Ethiopia’s scenic centrepiece is a mountainous central plateau that covers half of its surface area and supports the vast majority of its population. The most extensive contiguous block of fertile land in the eastern side of Africa, this elevated plateau stands almost entirely at altitudes above 2,000 metres and includes dozens of peaks that top the 4,000m mark, among them Ras Dashen in the Simiens, the fifth highest mountain in Africa.
The Ethiopian highlands support a remarkable diversity of habitats, each seemingly more scenic than the next. There are lush evergreen forests inhabited by monkeys and parrots, tall sculpted sandstone cliffs studded with ancient rock-hewn churches, high moorlands covered in green grass and pastel-shaded heather, and cultivated fields of tef, wheat and maize.

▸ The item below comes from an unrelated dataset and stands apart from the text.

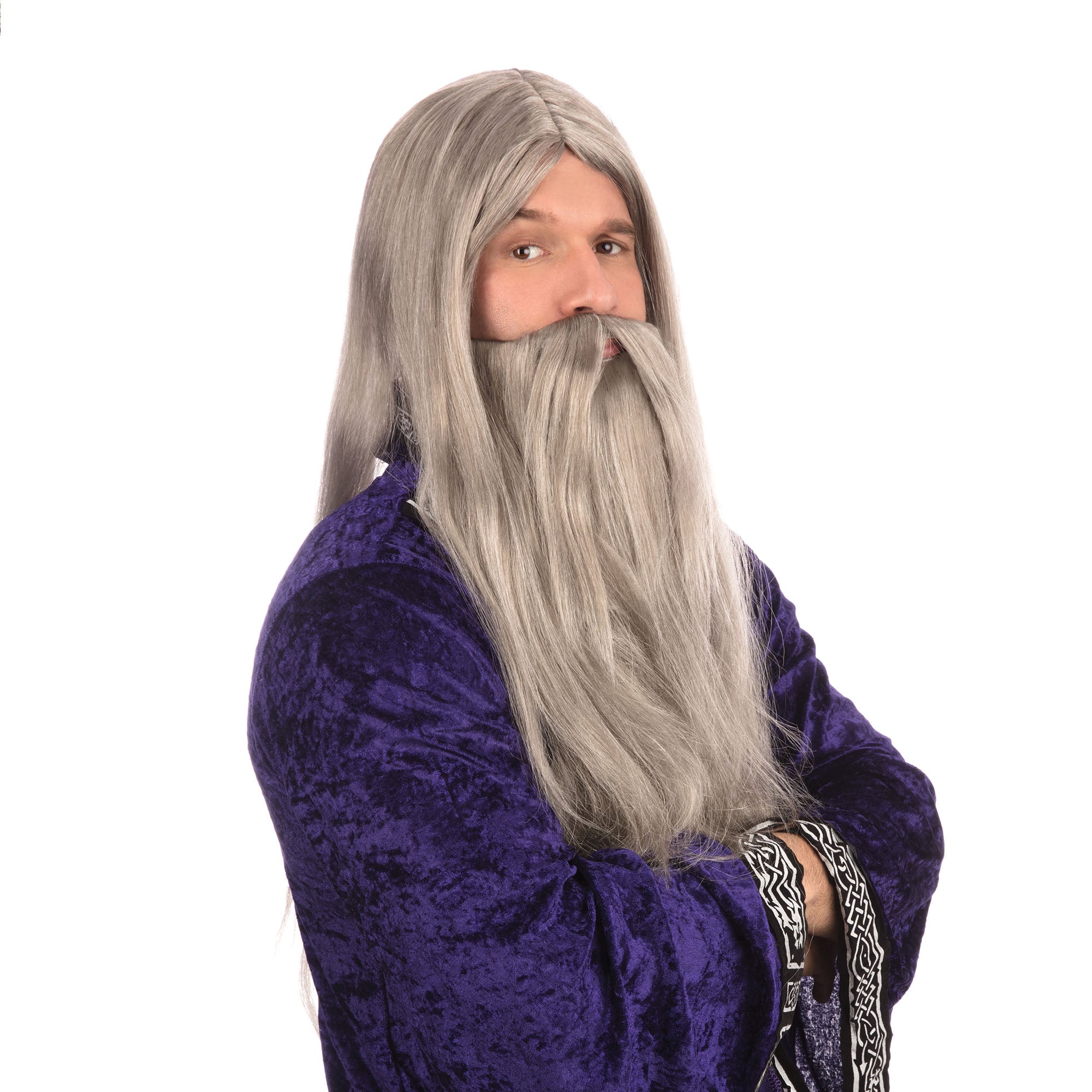 Grey Wizard Long Wig & Beard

The Blue Nile, which rises in Lake Tana, is associated with two of Ethiopia’s scenic highlights. The first – traversed along the road between Addis Ababa and Bahir Dar – is the 1,500-metre deep Blue Nile Gorge, Africa’s answer to the Grand Canyon. The second is the Blue Nile Falls, a popular day trip from Bahir Dar. Other massive gorges, almost as imposing as the Blue Nile, have been carved by the Tekaze and Wabe Shebelle Rivers.
Bisecting the central highlands, the Great Rift Valley is the world’s most extensive tectonic chasm, hemmed in by sheer 1,000m-high escarpments and studded with a series of beautiful tropical lakes.
The northern Rift Valley, also known as the Danakil, is one of the world’s most volcanically collective regions. Dipping to 116 metres below sea level, and possessed of thrillingly austere beauty, this unique region is swathed inactive volcanoes, bubbling lava lakes, vast blinding salt flats and hostile soda lakes.